Initial jobless claims, a proxy for layoffs across the U.S., decreased by 18,000 to a seasonally adjusted 214,000 in the week ended July 7, the Labor Department said Thursday. Economists surveyed by The Wall Street Journal expected 225,000 new claims last week.
Last week’s jobless claims were just above the multidecade lows touched this spring, consistent with other measures showing a robust labor market.
Seasonally adjusted claims data, however, can be choppy in early July. The Independence Day holiday closed state offices that process claims and auto makers typically have planned layoffs this time of year for retooling. But the exact timing of those events can shift year-to-year, potentially causing swings in weekly data.

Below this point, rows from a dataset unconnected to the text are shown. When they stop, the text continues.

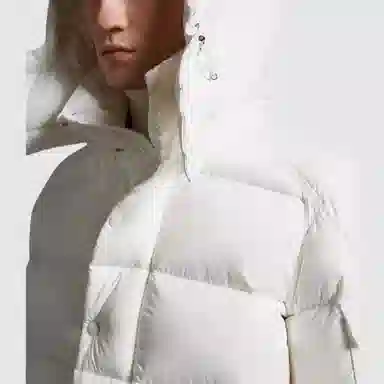 Moncler Vezere Short Down Jacket Logo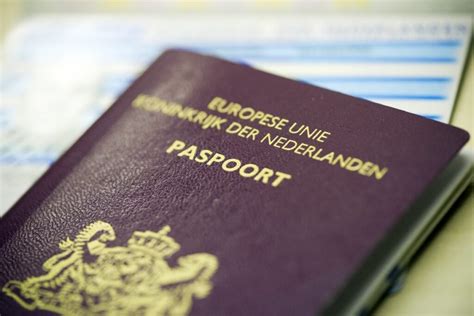 handig laat je paspoort id kaart  rijbewijs thuisbezorgen  zwolle indebuurt zwolle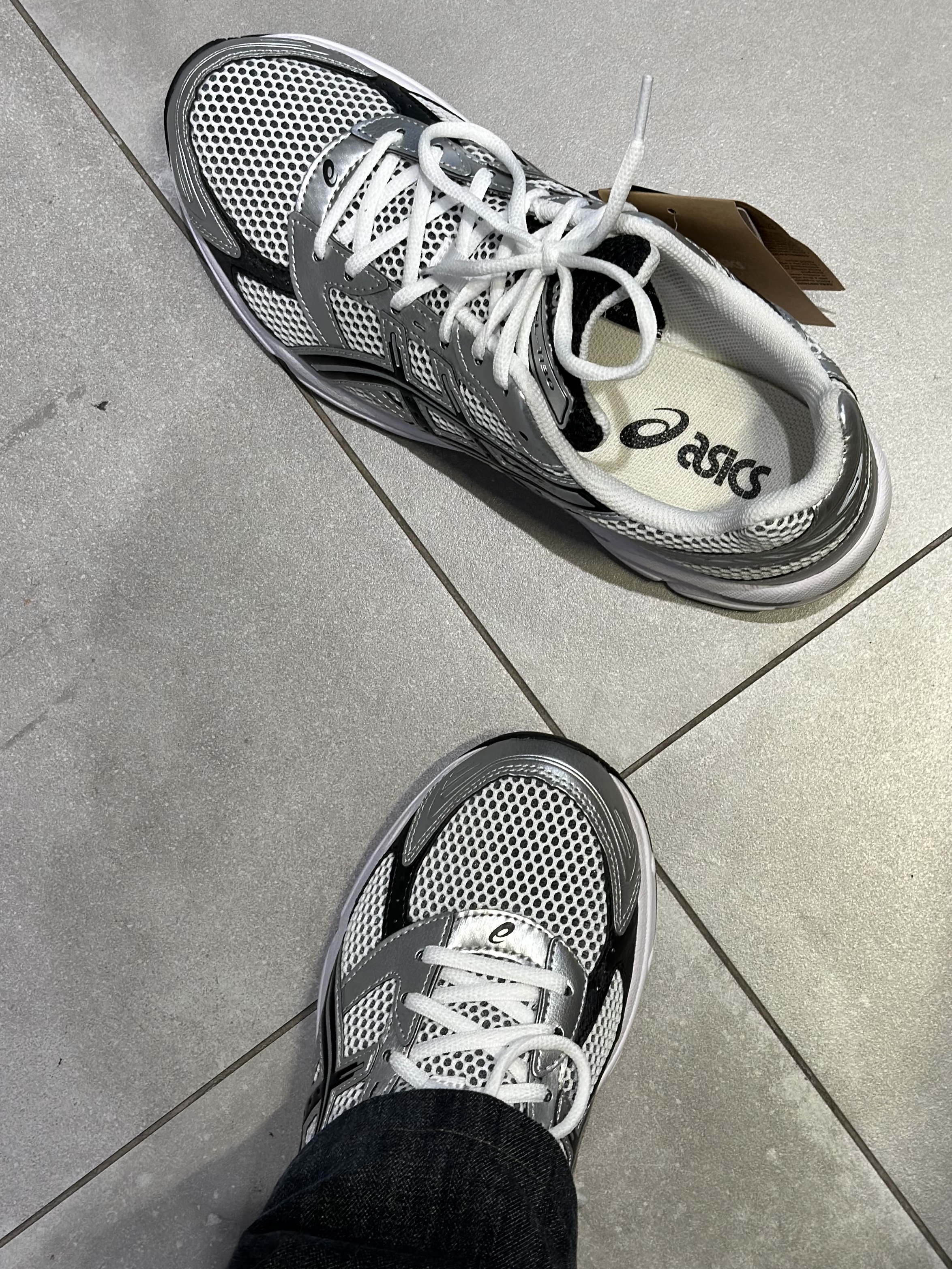 Asics Gel-1130 White Black 착용 스타일 - 2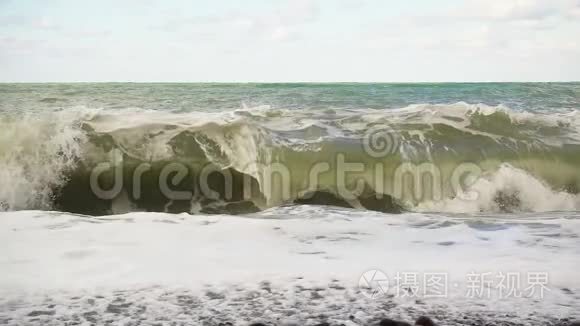 一股巨浪正在围绕着卵石滩缓缓移动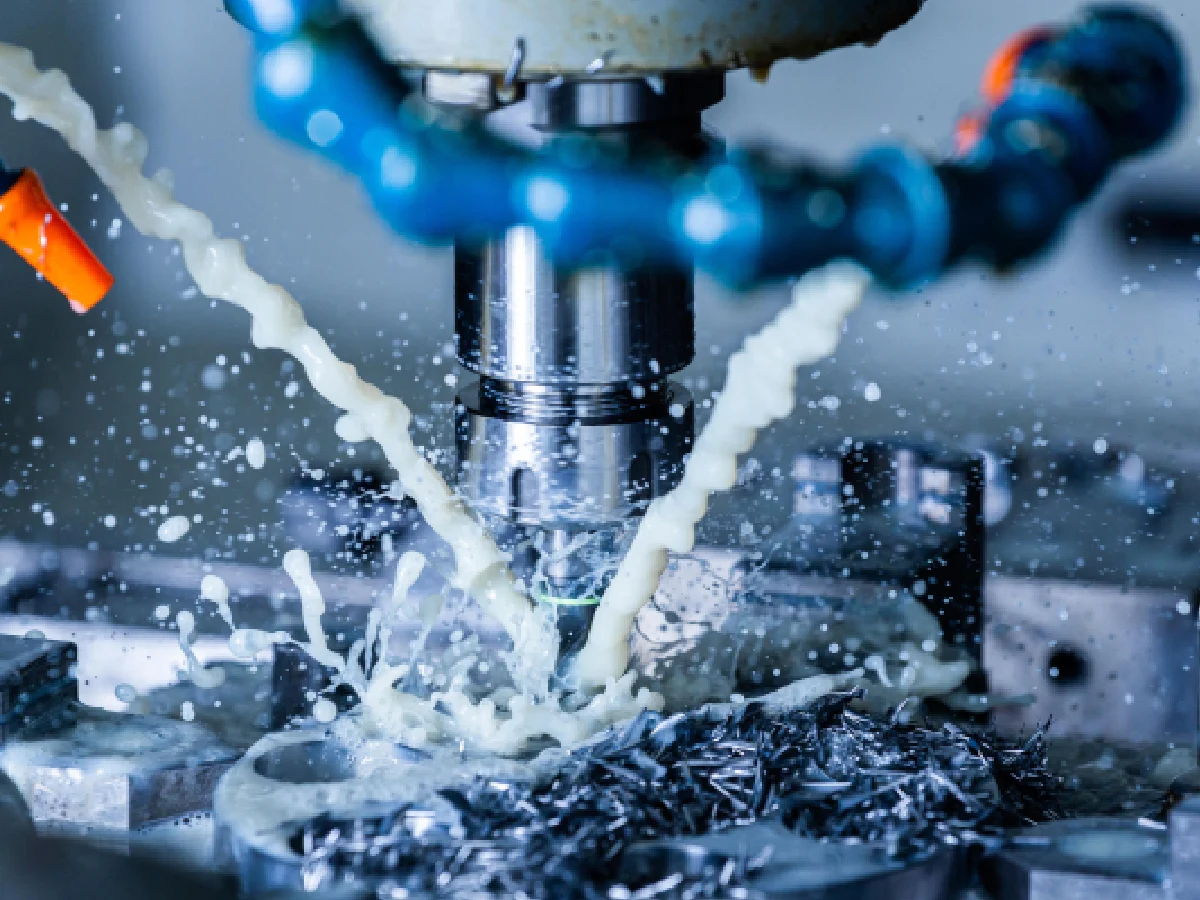 cnc-milling-machining-cutting-coolant-scene - likundacnc.com CNC 加工中心主轴切削金属零件,喷淋冷却液带走切屑,精密铣削加工实拍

A steadier measure, the four-week moving average of claims fell by 1,750 to 223,000. Claims for the June 30 week were revised up to 232,000 from an initial estimate of 231,000.
More broadly, an extremely tight labor market—the June unemployment rate was 4.0%—makes businesses reluctant to let workers go. The availability of jobs, and in some cases better pay, is causing workers to quit their jobs at record levels and is encouraging other Americans to start or restart job searches. Quitters and newcomers to the labor market can be counted as unemployed, but they are not eligible to apply for jobless benefits.
Thursday’s report showed the number of claims workers made for longer than a week decreased by 3,000 to 1,739,000 in the week ended June 30. The figure, also known as continuing claims, is reported with a one-week lag.